■ **Work task**
Word for word, restate the lines of the listing below from the line with "Пластиковая вагонка" through the line with "Neuropraxis Bamberg - Team", and do not include the pictures.

■ **Data records**
• • • •
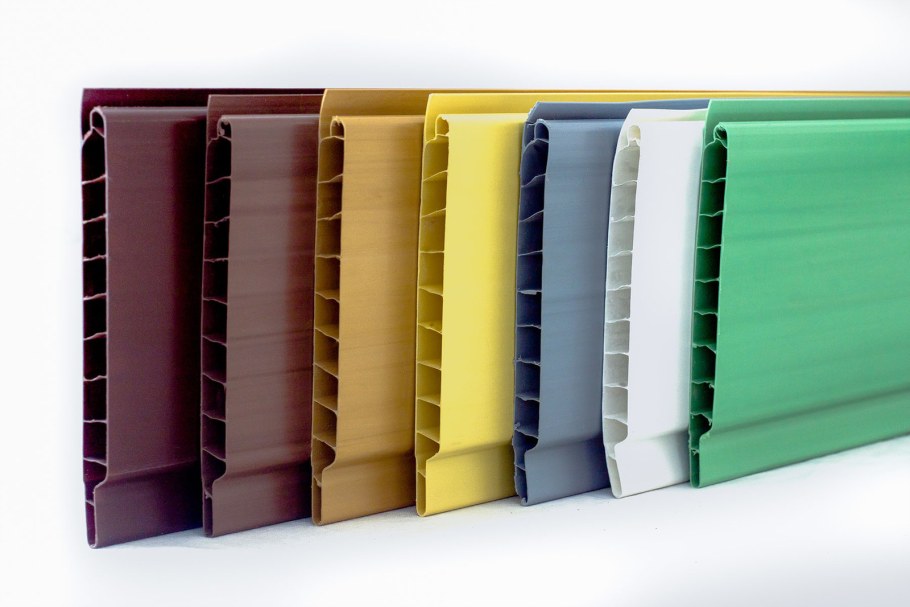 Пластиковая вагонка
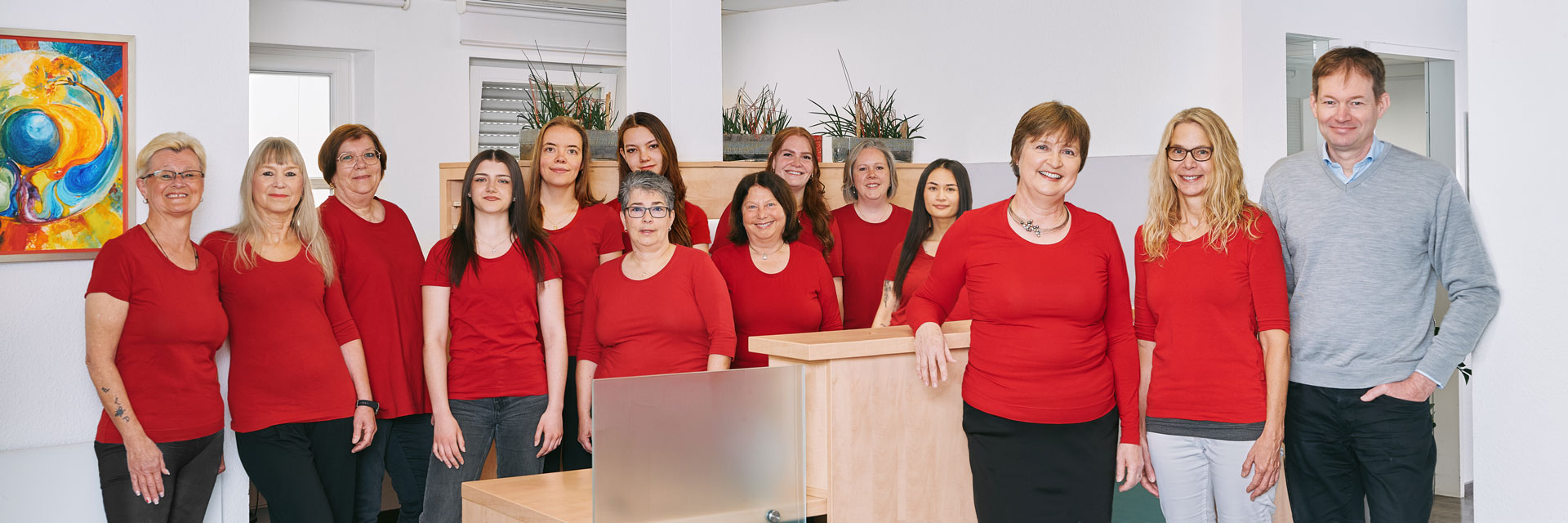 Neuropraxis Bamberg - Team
• • • •
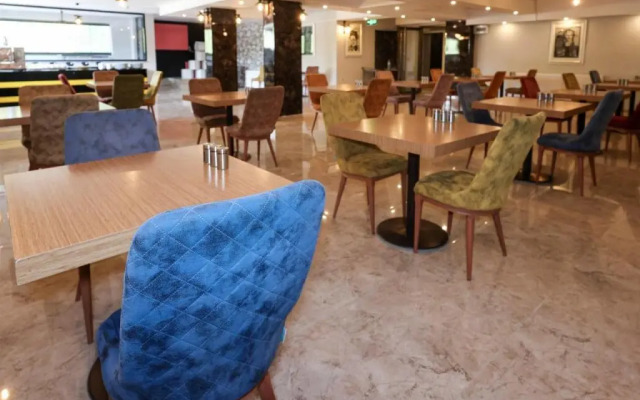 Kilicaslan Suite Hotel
• • • •
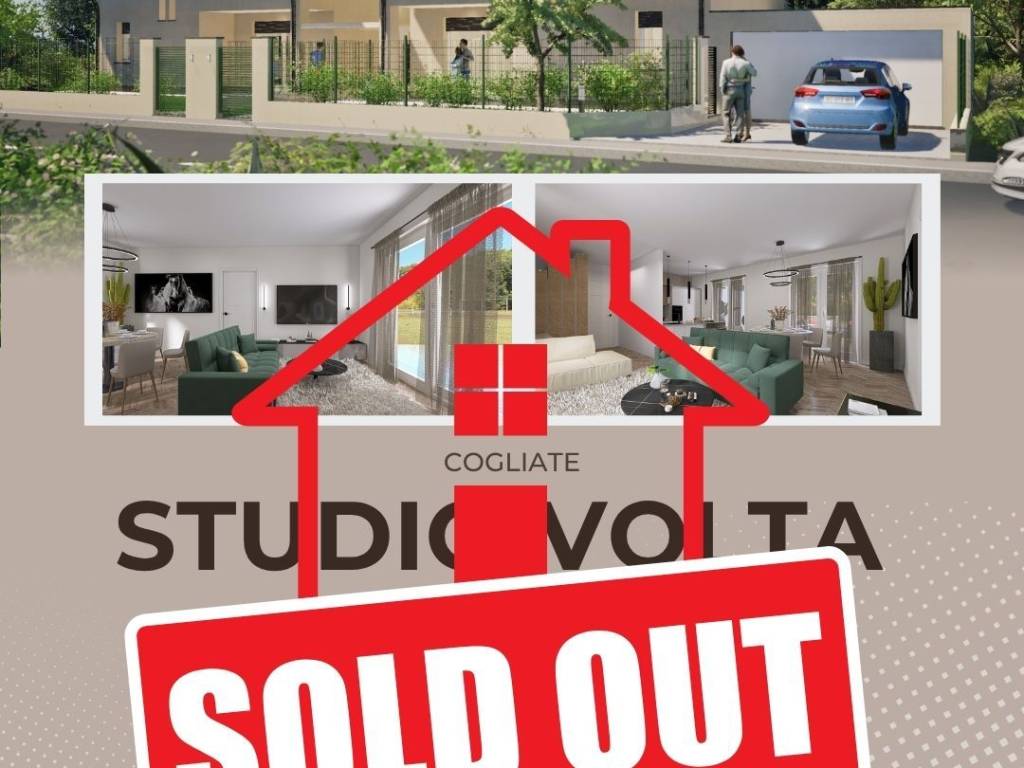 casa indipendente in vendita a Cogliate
• • • •
■ **Solution for this problem**
 Пластиковая вагонка
 Neuropraxis Bamberg - Team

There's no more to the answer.